# how to remove glass from foot



## LAR (Jun 7, 2007)

Okay, I feel like an idiot posting this next to a string about what to say to a dieing friend, but here goes...

I've got a small piece of glass buried into the bottom of my foot - can't even see the darn thing.  Unless there are better ideas out there, I'm going to keep painfully digging in with a safety pin.  does Epsom salt help? Old wives tales out there?

Thanks!
Lar


----------



## Steamboat Bill (Jun 7, 2007)

See a podiatrist as "bathroom surgery" can be dangerous.


----------



## wackymother (Jun 7, 2007)

Go to the doctor! This is why they have places like EmergiMed. Or call up a podiatrist. A doctor will be able to give you a local and take care of the problem without using safety pins. 
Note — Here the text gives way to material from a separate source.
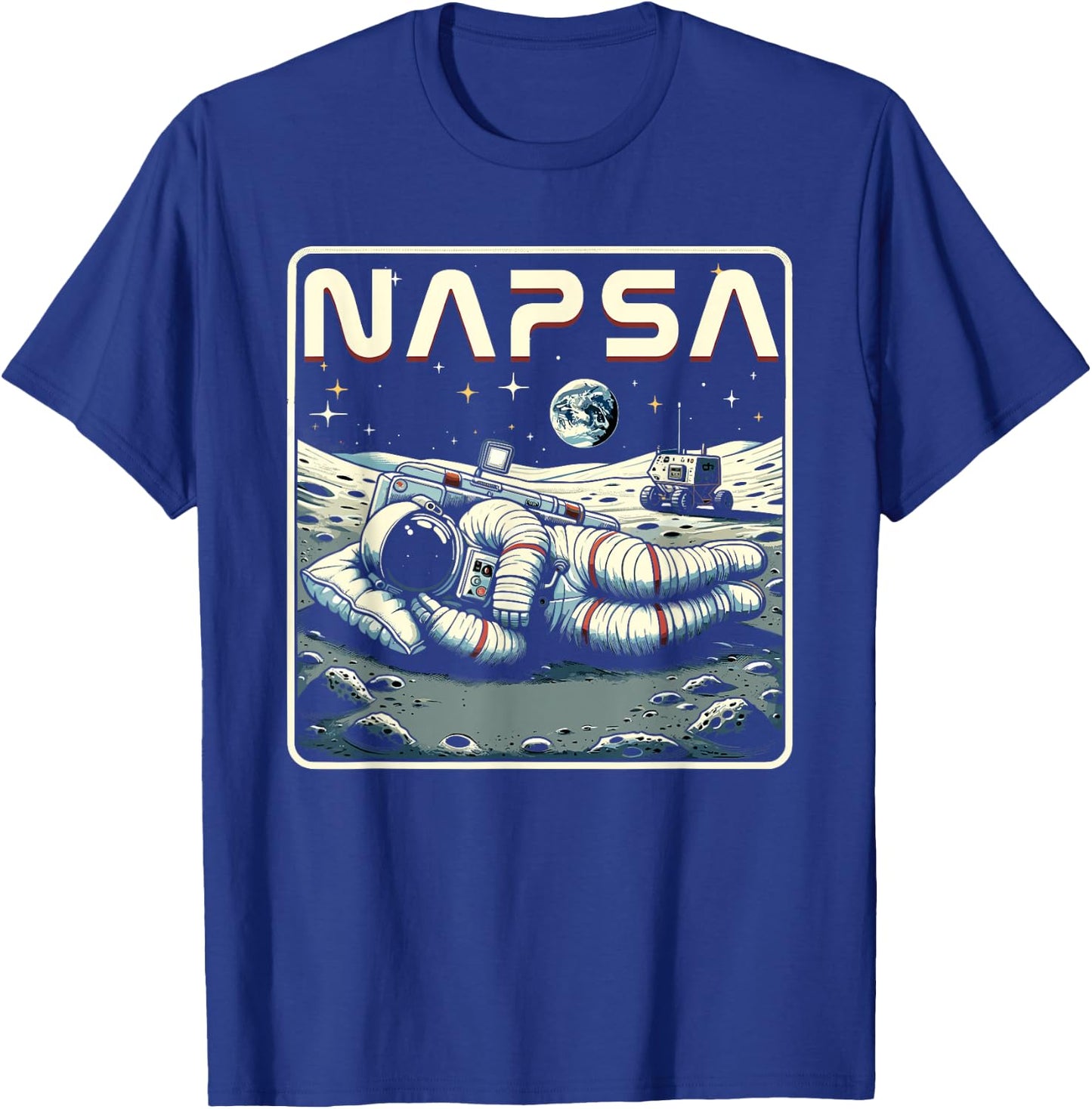 Retro Napsa Astronaut Outer Space Pun Novelty Funny Space T-Shirt - T-Shirt | Royal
The Epsom salts and warm water probably will not work unless you have a regular wood splinter that is just under the surface of the skin anyway. It probably will not work with a sliver of glass that's buried deep.


----------



## Liz Wolf-Spada (Jun 7, 2007)

I agree, doctor. What I always used for splinters is a dark brown drawing salve, Icthiol. But, with glass, I don't know. I think you should see a doctor.
Liz


----------



## BevL (Jun 7, 2007)

What if you don't get it, or you just drive it in further?  Yeah, a trip to emerg might be in order.


----------



## LAR (Jun 8, 2007)

Yes, thanks for all the advice.  Doctor popped it out this morning.  Would you believe I called Dr office at 7:30pm last night, a real person answered, and gave me an appt for 8:30am this morning?!  I didnt know you could do that anymore!!!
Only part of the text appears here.